From childhood a deep yearning to find a God whom I could understand and love was always with me; and as I grew into girlhood this yearning became the strongest factor in my life, until, like Job, my constant mental cry was, "Oh that I knew where I might find him!" I was brought up in the orthodox Episcopal church, and at the age of sixteen was confirmed by the bishop. This ceremony only tended to cause further confusion and apparent separation from the God I sought. The search continued year after year without any satisfaction, until the day I attended a Christian Science lecture. I went into the hall weary of life and heavily laden, physically and mentally, but before the speaker had half finished his lecture a great sense of peace and joy flooded my consciousness, and I repeated over and over again, silently, "This is my God, and His name is Love."

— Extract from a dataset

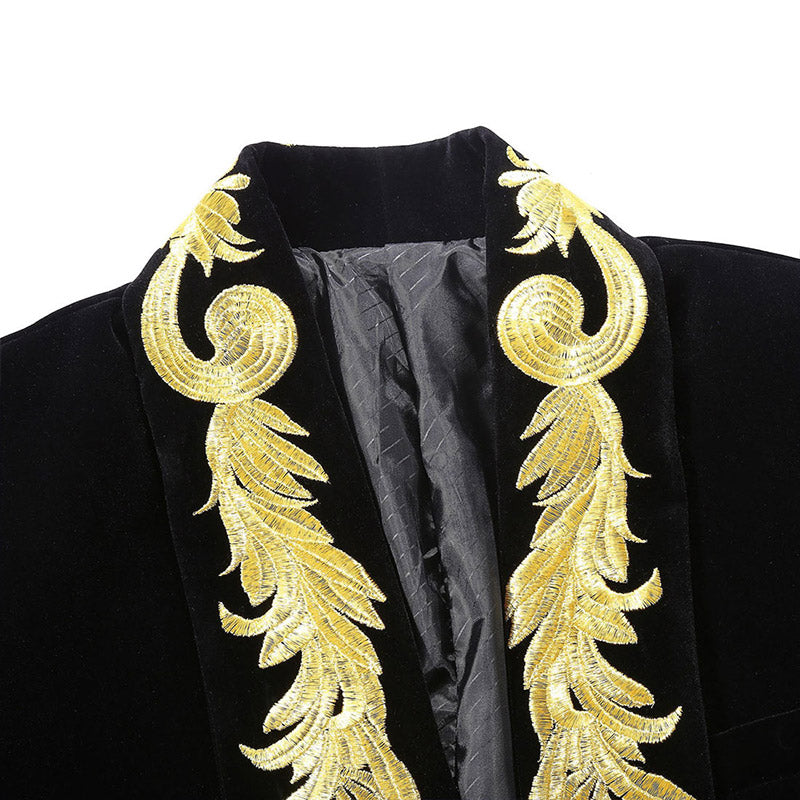Men's Gold Floral Embroided Collar Court Style Black Jacket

I was so hungry to learn more and still more of this wonderful truth that I dropped all else and commenced the study of the textbook, "Science and Health with Key to the Scriptures" by Mary Baker Eddy. Many beautiful healings came to me; and I am particularly grateful for the gradual elimination of a very bad temper and strong will. The daily study of the textbook, together with the Bible, brought a growing sense of peace and joy, and I never can be grateful enough for the wonderful spiritual uplift this gave me. Through the loving help of a practitioner I was healed of consumption. I completely forgot this condition in my earnest desire to become better acquainted with God, until one day some months after careful study of the Bible and the textbook, I found I was free, and my whole thought was illuminated with love for God and His creation.

My mother and I had always been very near to each other, and up to the age of seventeen I had never been parted form her; then circumstances arose which made it necessary for me to leave my home. This was a great sorrow to me, and one that was never healed until I heard of Christian Science. When my mother passed on, a deep realization of God's motherhood dawned upon me, and I lifted up my heart and fervently thanked our Father-Mother God that what I loved was eternal and omnipresent; and I have found that in proportion as I am careful to love God first and my neighbor as myself, do I realize that this love always surrounds me.